Bluebird
Canadian author Graham has penned a detailed and powerful social journey steeped in Canadian history that weaves together two narratives separated by decades. In the first, the reader meets survivors of the Great War—damaged physically and/or emotionally—and all attempting to reestablish a life back in Canada. The other is a more contemporary tale concerning museum curator Cassis Simmons as she deals with her own hidden personal ghosts.
Two brothers (the Baileys) return home in 1919, not to a hero’s welcome and family happy at their survival, but struck with the reality that both parents have recently died of the Spanish flu. Finding life goals in a changing society proves challenging, and they slowly move into the illegal whisky business as a means of simple survival. Similarly, former nurse Adele Savard, who saw front-line action, also needs to adjust to a new life.

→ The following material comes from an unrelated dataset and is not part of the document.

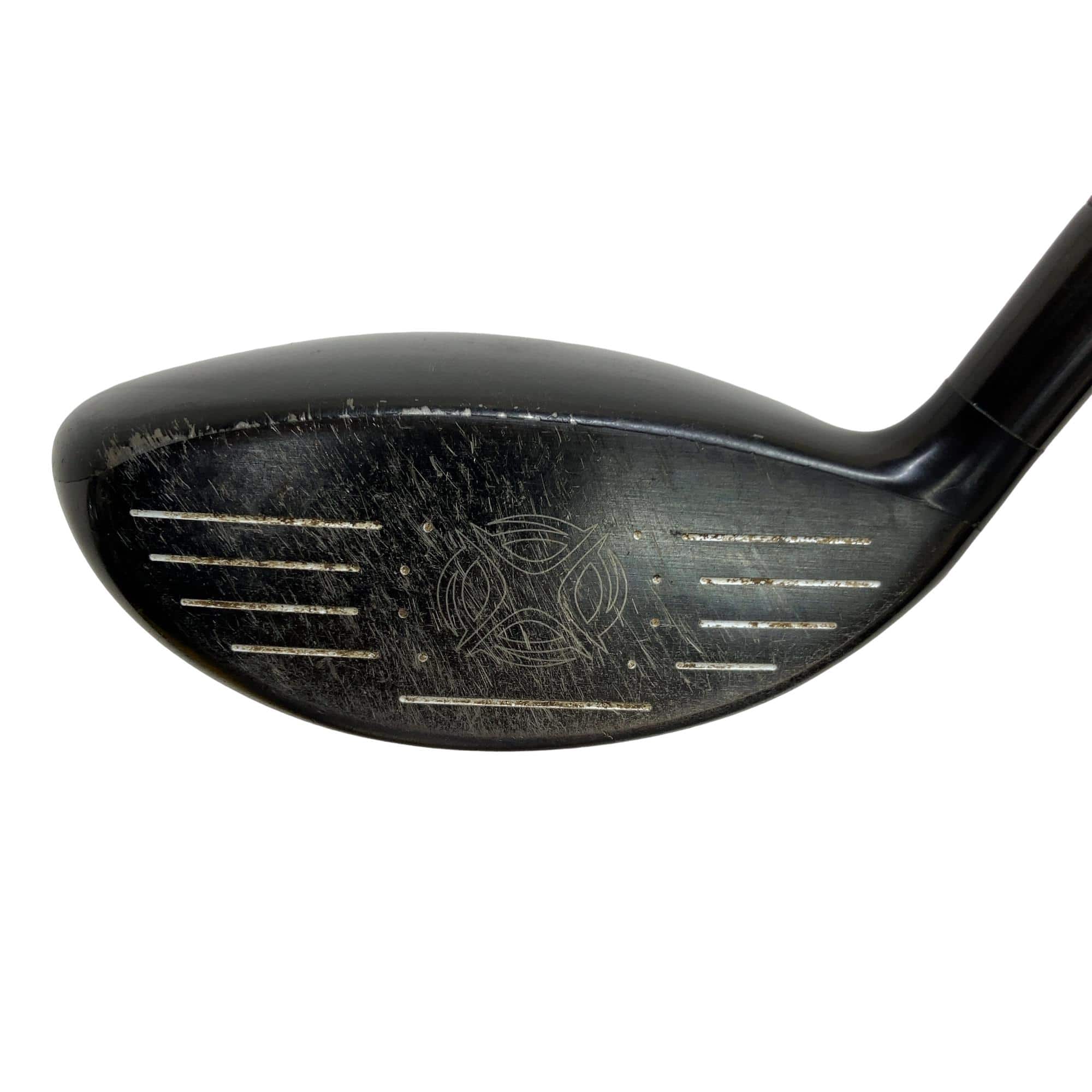 �w�Q�@�g�n�s�@�@�T�v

Her own prospects take a sharp turn when she meets former soldier Jeremiah Bailey, whom she had treated in France near the end of the war.
Graham juxtaposes the past and present in two parallel narratives rather than a straight-forward chronological timeline. Therefore, the reader is often jolted over decades as the journey shifts. Nonetheless, the details describing basic life issues, interpersonal contacts, and societal norms, as well as the realities of the times, are graphically illustrated.
What do old whisky bottles hidden in a false wall, a long-forgotten, caved-in tunnel with its buried bones, and a family homestead renovation all have in common? Indeed, as the mysteries unravel and coalesce, it is possible that a buried liquor hoard and a decades-old murder may foreshadow a happier future for our two modern protagonists.